How to complete this task: Give back the records in their entirety, exactly.

Collected data entries:
====================
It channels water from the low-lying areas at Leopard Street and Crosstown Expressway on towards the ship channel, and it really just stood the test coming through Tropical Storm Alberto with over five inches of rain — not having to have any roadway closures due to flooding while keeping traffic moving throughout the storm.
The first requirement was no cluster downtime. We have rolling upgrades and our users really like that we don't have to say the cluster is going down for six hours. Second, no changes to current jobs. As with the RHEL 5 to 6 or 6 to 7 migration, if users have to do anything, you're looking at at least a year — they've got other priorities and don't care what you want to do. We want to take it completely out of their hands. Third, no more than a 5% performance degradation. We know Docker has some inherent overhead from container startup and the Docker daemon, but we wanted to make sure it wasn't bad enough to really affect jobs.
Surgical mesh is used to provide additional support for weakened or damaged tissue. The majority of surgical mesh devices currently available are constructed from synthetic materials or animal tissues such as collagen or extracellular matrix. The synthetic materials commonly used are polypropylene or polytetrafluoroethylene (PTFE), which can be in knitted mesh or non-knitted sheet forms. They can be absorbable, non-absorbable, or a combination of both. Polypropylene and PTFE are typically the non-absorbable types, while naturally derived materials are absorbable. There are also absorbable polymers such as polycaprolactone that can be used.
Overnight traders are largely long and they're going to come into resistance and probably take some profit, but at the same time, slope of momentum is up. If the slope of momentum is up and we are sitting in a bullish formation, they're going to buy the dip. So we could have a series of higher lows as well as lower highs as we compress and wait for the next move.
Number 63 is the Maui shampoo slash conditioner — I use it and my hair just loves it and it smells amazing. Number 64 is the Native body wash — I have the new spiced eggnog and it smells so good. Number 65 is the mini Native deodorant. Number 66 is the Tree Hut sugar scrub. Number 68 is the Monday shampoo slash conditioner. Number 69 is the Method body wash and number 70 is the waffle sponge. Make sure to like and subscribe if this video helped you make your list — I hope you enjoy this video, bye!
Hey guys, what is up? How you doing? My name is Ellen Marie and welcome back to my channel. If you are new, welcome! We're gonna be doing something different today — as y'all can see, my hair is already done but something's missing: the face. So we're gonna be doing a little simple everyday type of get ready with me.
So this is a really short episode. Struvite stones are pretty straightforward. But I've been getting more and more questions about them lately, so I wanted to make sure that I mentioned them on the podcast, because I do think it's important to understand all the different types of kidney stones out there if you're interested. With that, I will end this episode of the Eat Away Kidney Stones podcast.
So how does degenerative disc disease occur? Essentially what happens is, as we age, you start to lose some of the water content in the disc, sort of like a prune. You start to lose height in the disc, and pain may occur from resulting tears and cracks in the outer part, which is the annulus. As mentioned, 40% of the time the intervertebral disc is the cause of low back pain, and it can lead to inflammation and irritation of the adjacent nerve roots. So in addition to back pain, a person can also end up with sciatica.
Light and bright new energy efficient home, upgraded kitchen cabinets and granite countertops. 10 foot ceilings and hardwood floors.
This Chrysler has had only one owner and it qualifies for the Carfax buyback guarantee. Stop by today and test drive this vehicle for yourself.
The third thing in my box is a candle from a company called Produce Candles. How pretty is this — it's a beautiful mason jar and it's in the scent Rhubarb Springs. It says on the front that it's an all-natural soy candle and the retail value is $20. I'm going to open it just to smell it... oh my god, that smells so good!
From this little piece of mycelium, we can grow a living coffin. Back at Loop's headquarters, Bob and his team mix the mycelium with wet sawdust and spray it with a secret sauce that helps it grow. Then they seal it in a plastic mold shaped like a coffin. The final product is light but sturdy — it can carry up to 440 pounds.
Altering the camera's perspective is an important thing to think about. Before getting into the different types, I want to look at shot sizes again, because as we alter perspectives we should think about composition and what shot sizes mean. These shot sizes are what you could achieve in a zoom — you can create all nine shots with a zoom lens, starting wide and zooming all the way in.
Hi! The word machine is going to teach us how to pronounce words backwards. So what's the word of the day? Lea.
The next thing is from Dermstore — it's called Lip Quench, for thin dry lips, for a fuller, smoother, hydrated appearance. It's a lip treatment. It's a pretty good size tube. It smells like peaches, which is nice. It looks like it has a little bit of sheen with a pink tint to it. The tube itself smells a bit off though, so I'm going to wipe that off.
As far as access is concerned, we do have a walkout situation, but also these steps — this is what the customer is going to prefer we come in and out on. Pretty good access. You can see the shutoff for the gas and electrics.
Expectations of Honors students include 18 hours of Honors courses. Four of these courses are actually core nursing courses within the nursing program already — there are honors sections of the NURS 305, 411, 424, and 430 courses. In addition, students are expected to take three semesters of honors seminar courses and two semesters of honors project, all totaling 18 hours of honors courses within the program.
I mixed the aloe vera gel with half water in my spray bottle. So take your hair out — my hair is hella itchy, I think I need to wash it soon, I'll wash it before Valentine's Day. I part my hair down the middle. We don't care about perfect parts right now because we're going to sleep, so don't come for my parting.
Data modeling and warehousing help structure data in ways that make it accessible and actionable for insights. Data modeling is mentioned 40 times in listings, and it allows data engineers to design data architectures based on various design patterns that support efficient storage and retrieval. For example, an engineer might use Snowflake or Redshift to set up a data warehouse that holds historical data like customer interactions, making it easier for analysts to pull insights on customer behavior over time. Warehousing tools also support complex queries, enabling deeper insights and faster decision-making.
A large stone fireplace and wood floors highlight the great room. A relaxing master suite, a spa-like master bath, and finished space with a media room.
====================
Problem solution:
It channels water from the low-lying areas at Leopard Street and Crosstown Expressway on towards the ship channel, and it really just stood the test coming through Tropical Storm Alberto with over five inches of rain — not having to have any roadway closures due to flooding while keeping traffic moving throughout the storm.
The first requirement was no cluster downtime. We have rolling upgrades and our users really like that we don't have to say the cluster is going down for six hours. Second, no changes to current jobs. As with the RHEL 5 to 6 or 6 to 7 migration, if users have to do anything, you're looking at at least a year — they've got other priorities and don't care what you want to do. We want to take it completely out of their hands. Third, no more than a 5% performance degradation. We know Docker has some inherent overhead from container startup and the Docker daemon, but we wanted to make sure it wasn't bad enough to really affect jobs.
Surgical mesh is used to provide additional support for weakened or damaged tissue. The majority of surgical mesh devices currently available are constructed from synthetic materials or animal tissues such as collagen or extracellular matrix. The synthetic materials commonly used are polypropylene or polytetrafluoroethylene (PTFE), which can be in knitted mesh or non-knitted sheet forms. They can be absorbable, non-absorbable, or a combination of both. Polypropylene and PTFE are typically the non-absorbable types, while naturally derived materials are absorbable. There are also absorbable polymers such as polycaprolactone that can be used.
Overnight traders are largely long and they're going to come into resistance and probably take some profit, but at the same time, slope of momentum is up. If the slope of momentum is up and we are sitting in a bullish formation, they're going to buy the dip. So we could have a series of higher lows as well as lower highs as we compress and wait for the next move.
Number 63 is the Maui shampoo slash conditioner — I use it and my hair just loves it and it smells amazing. Number 64 is the Native body wash — I have the new spiced eggnog and it smells so good. Number 65 is the mini Native deodorant. Number 66 is the Tree Hut sugar scrub. Number 68 is the Monday shampoo slash conditioner. Number 69 is the Method body wash and number 70 is the waffle sponge. Make sure to like and subscribe if this video helped you make your list — I hope you enjoy this video, bye!
Hey guys, what is up? How you doing? My name is Ellen Marie and welcome back to my channel. If you are new, welcome! We're gonna be doing something different today — as y'all can see, my hair is already done but something's missing: the face. So we're gonna be doing a little simple everyday type of get ready with me.
So this is a really short episode. Struvite stones are pretty straightforward. But I've been getting more and more questions about them lately, so I wanted to make sure that I mentioned them on the podcast, because I do think it's important to understand all the different types of kidney stones out there if you're interested. With that, I will end this episode of the Eat Away Kidney Stones podcast.
So how does degenerative disc disease occur? Essentially what happens is, as we age, you start to lose some of the water content in the disc, sort of like a prune. You start to lose height in the disc, and pain may occur from resulting tears and cracks in the outer part, which is the annulus. As mentioned, 40% of the time the intervertebral disc is the cause of low back pain, and it can lead to inflammation and irritation of the adjacent nerve roots. So in addition to back pain, a person can also end up with sciatica.
Light and bright new energy efficient home, upgraded kitchen cabinets and granite countertops. 10 foot ceilings and hardwood floors.
This Chrysler has had only one owner and it qualifies for the Carfax buyback guarantee. Stop by today and test drive this vehicle for yourself.
The third thing in my box is a candle from a company called Produce Candles. How pretty is this — it's a beautiful mason jar and it's in the scent Rhubarb Springs. It says on the front that it's an all-natural soy candle and the retail value is $20. I'm going to open it just to smell it... oh my god, that smells so good!
From this little piece of mycelium, we can grow a living coffin. Back at Loop's headquarters, Bob and his team mix the mycelium with wet sawdust and spray it with a secret sauce that helps it grow. Then they seal it in a plastic mold shaped like a coffin. The final product is light but sturdy — it can carry up to 440 pounds.
Altering the camera's perspective is an important thing to think about. Before getting into the different types, I want to look at shot sizes again, because as we alter perspectives we should think about composition and what shot sizes mean. These shot sizes are what you could achieve in a zoom — you can create all nine shots with a zoom lens, starting wide and zooming all the way in.
Hi! The word machine is going to teach us how to pronounce words backwards. So what's the word of the day? Lea.
The next thing is from Dermstore — it's called Lip Quench, for thin dry lips, for a fuller, smoother, hydrated appearance. It's a lip treatment. It's a pretty good size tube. It smells like peaches, which is nice. It looks like it has a little bit of sheen with a pink tint to it. The tube itself smells a bit off though, so I'm going to wipe that off.
As far as access is concerned, we do have a walkout situation, but also these steps — this is what the customer is going to prefer we come in and out on. Pretty good access. You can see the shutoff for the gas and electrics.
Expectations of Honors students include 18 hours of Honors courses. Four of these courses are actually core nursing courses within the nursing program already — there are honors sections of the NURS 305, 411, 424, and 430 courses. In addition, students are expected to take three semesters of honors seminar courses and two semesters of honors project, all totaling 18 hours of honors courses within the program.
I mixed the aloe vera gel with half water in my spray bottle. So take your hair out — my hair is hella itchy, I think I need to wash it soon, I'll wash it before Valentine's Day. I part my hair down the middle. We don't care about perfect parts right now because we're going to sleep, so don't come for my parting.
Data modeling and warehousing help structure data in ways that make it accessible and actionable for insights. Data modeling is mentioned 40 times in listings, and it allows data engineers to design data architectures based on various design patterns that support efficient storage and retrieval. For example, an engineer might use Snowflake or Redshift to set up a data warehouse that holds historical data like customer interactions, making it easier for analysts to pull insights on customer behavior over time. Warehousing tools also support complex queries, enabling deeper insights and faster decision-making.
A large stone fireplace and wood floors highlight the great room. A relaxing master suite, a spa-like master bath, and finished space with a media room.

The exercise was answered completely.